Green Island is one of the most popular dive sites in Taiwan, for locals and overseas visitors alike. Its volcanic waters boast a plethora of marine life including batfish, large spotted rays, the endangered Coconut Crab, and plenty of shark life. A famous but challenging dive site on Green Island is Shark Point (Gun Swei Bi), which is famous for its enormous shoals of hammerhead sharks. However the swells and currents are fairly strong here so local dive operators will usually only take divers with over 100 dives to their name.
Orchid Island, some say, is even better diving than Green Island, which can be fairly crowded at peak dive periods. Another volcanic island with shallow reefs, spectacular walls and plenty of deep dives, the diving is seasonal, with better diving on the west coast in winter and the north and east coasts in summer. Plenty of pelagic life abounds here: shark activity, dogtooth tuna, and even the odd manta ray are spotted in these waters. You will also see lots of soft and stony corals, sea snakes, green turtles, hawksbill turtles, lionfish, and puffer fish. There is one really excellent wreck dive as well.
Penghu is famous for its drift diving, located on one of the strongest ocean currents. Again, novices beware. Nowhere near as developed as the other dive locations in Taiwan, you need to work a little harder to dive here, but the locals say it’s worth it.
Domestic flights originate at Songshan Airport in Taipei, about an hour’s bus transfer from Taiwan Taoyuan International Airport. From Songshan you can fly to Hualien, Kaohsiung (for Kenting), Kinmen, Penghu, Taichung, Tainan and Taitung (for Green Island and Orchid Island) using any one of the four main domestic airlines.
The Kenting Marine Park region is easily reached as it is on the mainland. The closest airport and railway station are in Kaohsiung, from where you can pick up frequent buses to Hengshung.

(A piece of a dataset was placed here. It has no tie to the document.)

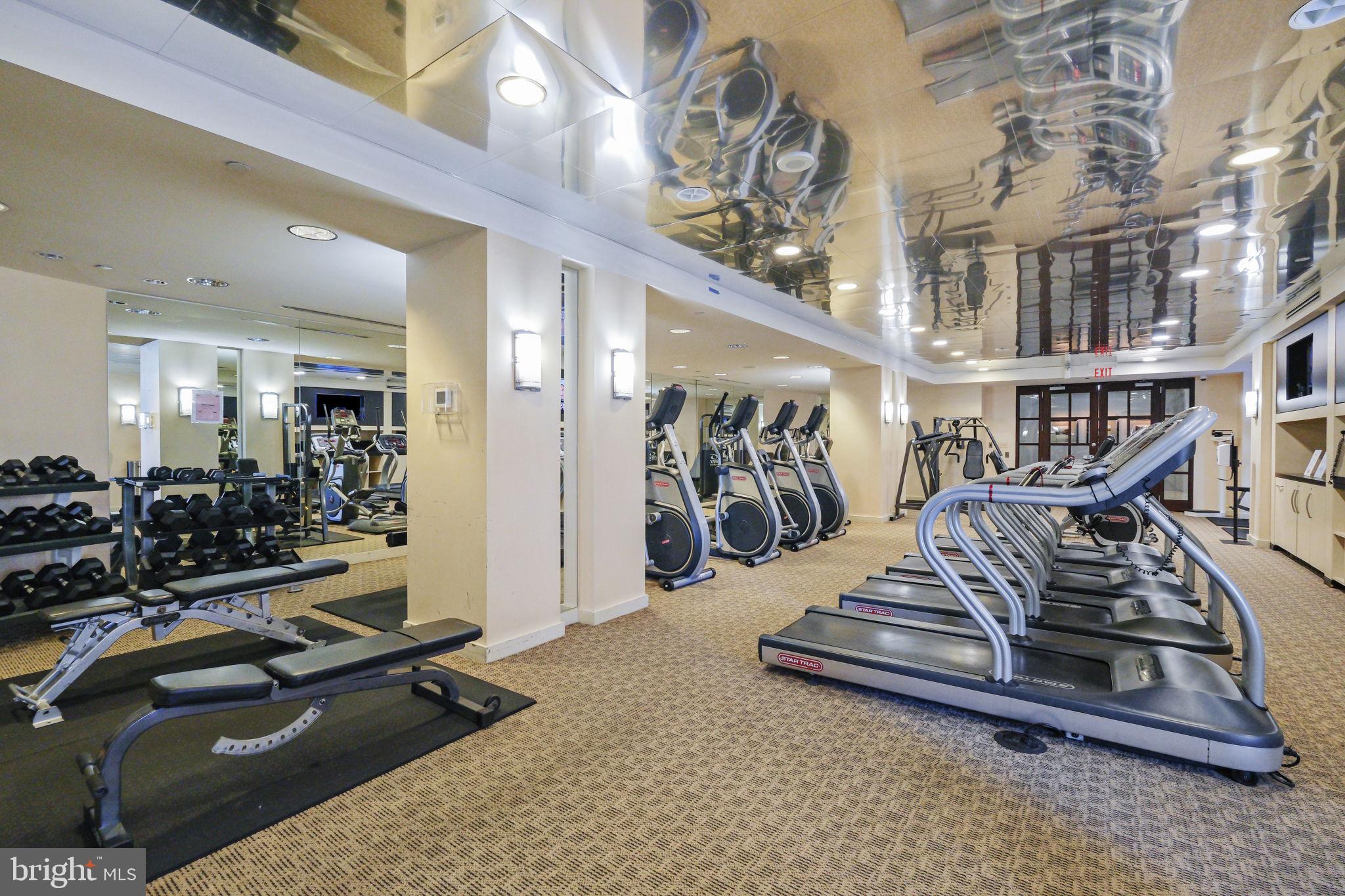 GALLERY AT WHITE FLINT - Residential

Green Island can be reached by ferry from the east coast town of Taitung or Fukang Harbour, a little further north. It takes around an hour, and is known to be a choppy ride. Bring your seasickness tablets. You can also fly - a short 15-minute flight from Taitung – however it’s best to book some way ahead as the small planes get booked up quickly.
The Penghu Islands are normally reached by air, and there are regular connections from Taipei and Kaohsiung. You can also take a 3½-hour ferry from Kaohsiung or a faster 90-minute ferry from the small west coast port of Budai, near Chiayi.

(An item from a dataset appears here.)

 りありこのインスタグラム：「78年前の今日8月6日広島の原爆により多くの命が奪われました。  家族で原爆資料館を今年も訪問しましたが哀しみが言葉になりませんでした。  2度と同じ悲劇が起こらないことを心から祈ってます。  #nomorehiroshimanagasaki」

Orchid Island can similarly be reached by air from Taipei, or by ferry from Fugang.
Safety Note- There are six hyperbaric chambers around Taiwan: two in Taipei itself, one on Penghu, one in Kaohsiung (nearest to Kenting), one in Keelung (north-east of Taipei) and one in Changhua on the mid-west coast.

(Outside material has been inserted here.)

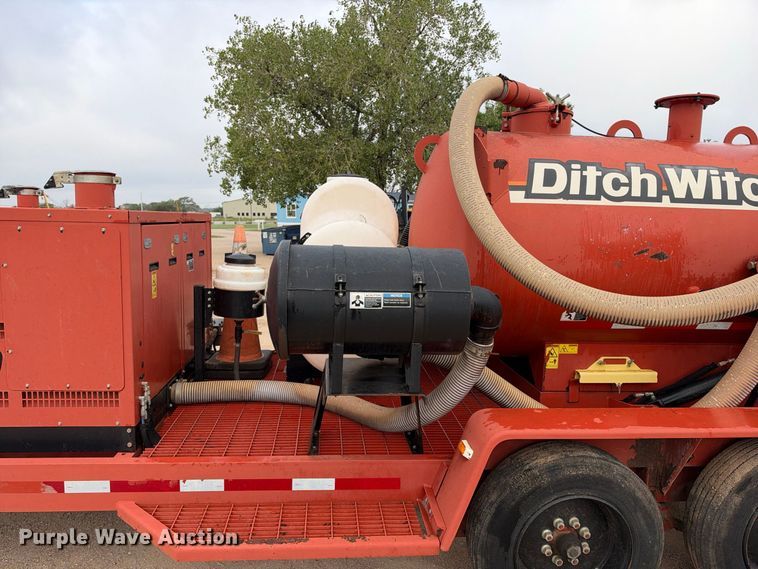 image for item EC4632 2014 Ditch Witch FX30 vacuum excavator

A lot of the diving around Taiwan is great for experienced divers but a challenge for novices due to the strong currents. Having said that, the journey is worth it for the sensational shore dives you can make right from the mainland at Kenting, never mind the delights of the island dives. Kenting’s steep cliffs at the water’s edge mean quite a few cave and swim-through dive spots as well. Marine life abounds at Kenting’s Marine Park.
Many of the Kenting shore dives offer the best of both worlds: beautiful soft and hard corals, colourful parrotfish, angelfish, sweetlips, fusiliers and the spectacular lionfish. You will also see larger species such as surgeonfish and catfish. Kenting’s Main beach shore dive is pretty amazing given its ease of access – expect to see some or all of the above, but keep an eye out for the local gatekeeper, a giant Maori Wrasse!
The islands are no less than spectacular, and efforts to reach Penghu will give you far less crowded dive spots. Green Island is lauded for its fantastic diving, but it can get busy.